İnsan kötü bir şeyden, olumsuzluktan, şikayetçi olduğu zaman; Zaman değişti, Zamane insanı, Zaman insanı ne hale getirdi. Diyerek, kısa bir cümle ile yaşananları izah etmeye çalışır. Aslında yaşadığı sıkıntının, çaresizliğin, terk edilmişliğin, yalnız bırakılmışlığın, ciddiye alınmadığının, kendisine insanca davranılmadığının, anlaşıldığı anda; ifade edecek başka bir şey bulamayınca; Zaman değişti, der. Ancak, bu cümle ile; teselli bulur.
Zaman kendi literatüründe, apayrı incelenmesi gereken, derin bir mevzudur. Bizim insanımız, meramını anlatmak ve sorumluluğu belki de, başka bir şeye yüklemek adına; bu ifadeyi kullanır. Tamamen kendinin anlatmak istediği, düşüncelerini kapsamasa da; bu cümle onun için, yeterlidir. Zaman değişti.

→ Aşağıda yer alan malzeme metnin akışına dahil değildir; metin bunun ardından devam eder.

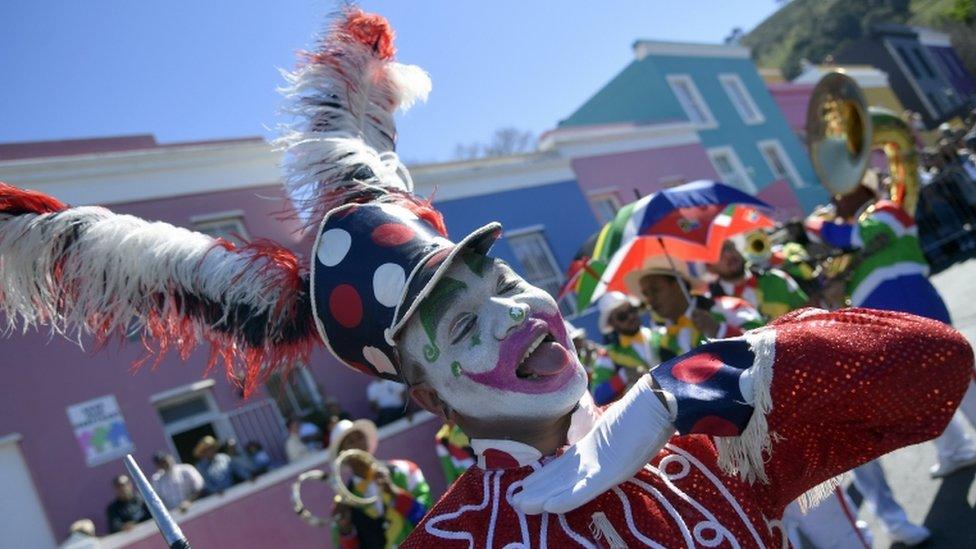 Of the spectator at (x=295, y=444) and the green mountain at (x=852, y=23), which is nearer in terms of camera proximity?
the spectator at (x=295, y=444)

Değişen bir çok şey var. İnsanın yaşı, çevresi, maddi durumu, sosyal yapısı, kilosu, Aile oluşturması, gelecek endişeleri, makamı, eğitimi, sonuçta buna benzer şeyler. Özünde değişmeyen bir gerçek, insanın kendisidir. Düşünmek lazım; bir makam, sosyal statü, gelir durumu,insanın nasıl olur da; özünü değiştirir. Böyle şey olmaz. İşin aslına bakarsanız, şöyle değerlendirmek gerekir. Aslında o insanın özü hep aynıydı. Ancak, özündeki o doğru veya yanlış eylemi ortaya koyacak; bir ortam oluşmadığı için; o eylem hakkındaki davranışı açığa çıkana kadar, biz onun o konudaki eylemi hakkında yorum yapacak, bilgiye sahip değildik. Olay bu kadar basittir. Yapılan eylem, insanın tavır ve davranışının ortaya çıkmasını, sağlar.
Hayatın belirli merhalesinde; insanlar birbirleri ile, iletişim kurarlar. Şartlar öyle gelişmiştir. Bulunduğu konum gereği, insan; başka insanlarla ilişki içerisinde olmak zorundadır. Yalnız yaşayamaz. Zaman ilerledikçe; yukarıda sıraladığımız nedenlerden dolayı; önceden ilişki içerisinde olduğu insanlardan, ayrılmak mecburiyeti doğabilir. Bu da normaldir. Burada yanlış olan, eleştirilmesi gereken davranış; insanın hayatın ilerleyen zamanlarında, elde ettiği kazanımlar yüzünden; yıllarca beraber yaşadığı insanları unutmasıdır. Hayatından o, insanları silmesidir. İşte eleştirilecek durum, buradan itibaren başlar. Acaba yaptığı doğru bir hareket midir sorusuna çevresindekiler, cevap aramaya başlar. Bu anlamda, kendisine eleştiriler yöneltilince; çeşitli bahaneler üreterek, eski birlikte olduğu insanları arayamadığını veya aramak istemediğini belirtir. İşte tam burası; insanlık kavramının, o insanda bittiği yerdir.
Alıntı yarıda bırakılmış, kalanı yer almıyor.